De 1966 à 1976 Eddy Merckx va offrir aux passionnés de cyclisme une épopée digne des plus grands. Sur route et sur piste, il sera le guerrier sans pitié considérant que la victoire seule est belle. Oublié Pierre de Coubertin. Pour ce stakhanoviste du palmarès, l’important n’est pas de participer mais de gagner. Classiques, Grands tours, Six jours ou Omniums, il est de toutes les batailles, de toutes les guerres. Faisant de ses maillots des uniformes mythiques portant les couleurs de ses sponsors comme autant de défis lancés au peloton. Peugeot d’abord, puis Faema et Molteni. Étrangement c’est un coureur portant la tunique Peugeot qui mettra un point final à cette suprématie. Le Français Bernard Thévenet qui tuait l’ogre cannibale dans un Tour 75 d’anthologie. De Peugeot à Peugeot donc, même si la carrière du jeune Édouard Louis Merckx avait commencé un peu plus tôt sous le maillot Solo Superia de l’équipe de Rick Van Loy et se terminera vraiment en 1978 sous le maillot C&A.

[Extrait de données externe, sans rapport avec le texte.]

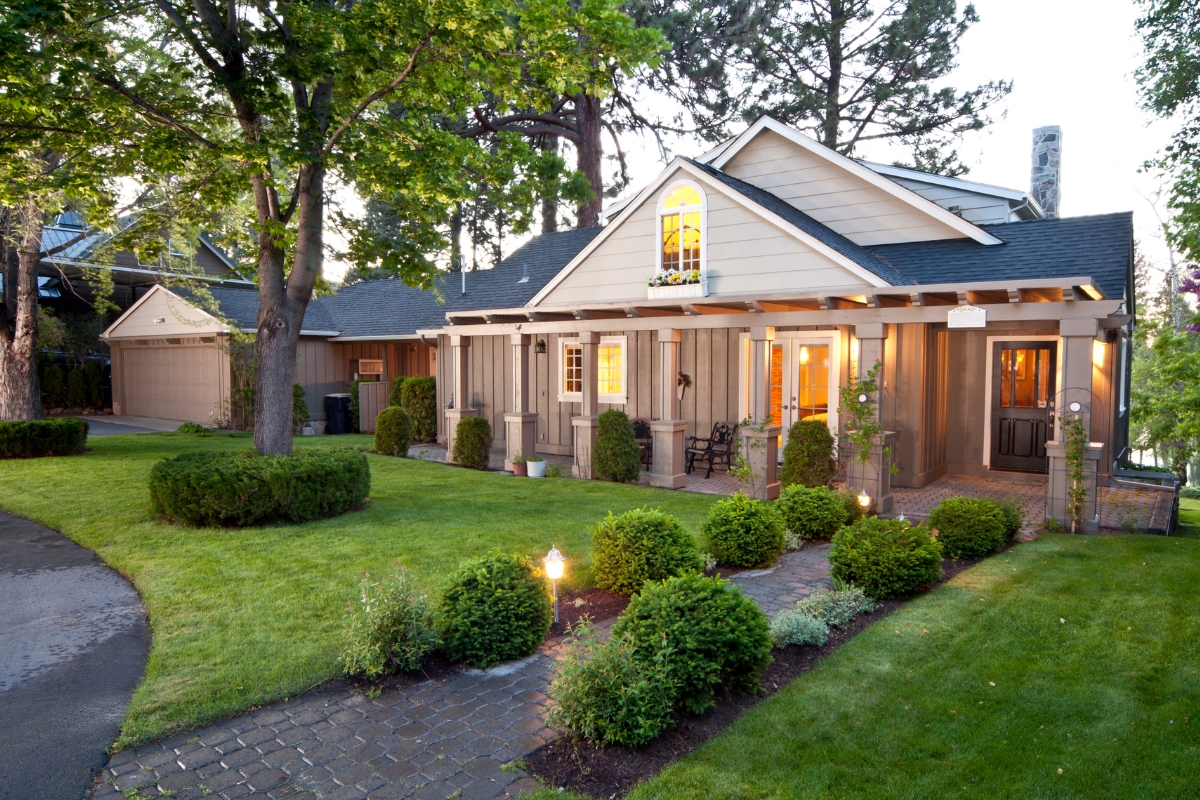Traditional single-story home with manicured landscaping and sophisticated exterior design at dusk.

Déjà Champion du Monde amateur en 1964, le jeune Merckx est très vite remarqué par plusieurs managers d’équipes de renom. Il signe d’abord chez Solo-Superia où il rejoint le grand Van Loy. Mésentente avec l’ombrageux Rick II, voilà notre débutant qui passe en 1966 chez Peugeot à qui il offre Milan San Remo, sa première classique.

La saison 67 le voit confirmer par un nouveau succès dans Milan San Remo qui devient sa course fétiche. Il s’y imposera à 7 reprises, effaçant le vieux record du premier Campionissimo, Costante Girardengo. Cette année-là est spéciale pour lui. Il dispute le Giro où il s’illustre en montagne dans l’étape reine, le Blockhaus. Jusqu’alors le jeune champion Belge n’avait jamais passé un col en course. Il terminera finalement 9ème de ce premier grand tour. En fin de saison il remporte son premier titre de Champion du Monde en devançant Jan Janssen au sprint. Insuffisant pour que la direction sportive de Peugeot le retienne, préférant jouer la carte Pingeon. Pas important pour Eddy. L’Italie lui tend les bras. Il signe en 68 chez Faema où toute l’équipe sera à son service.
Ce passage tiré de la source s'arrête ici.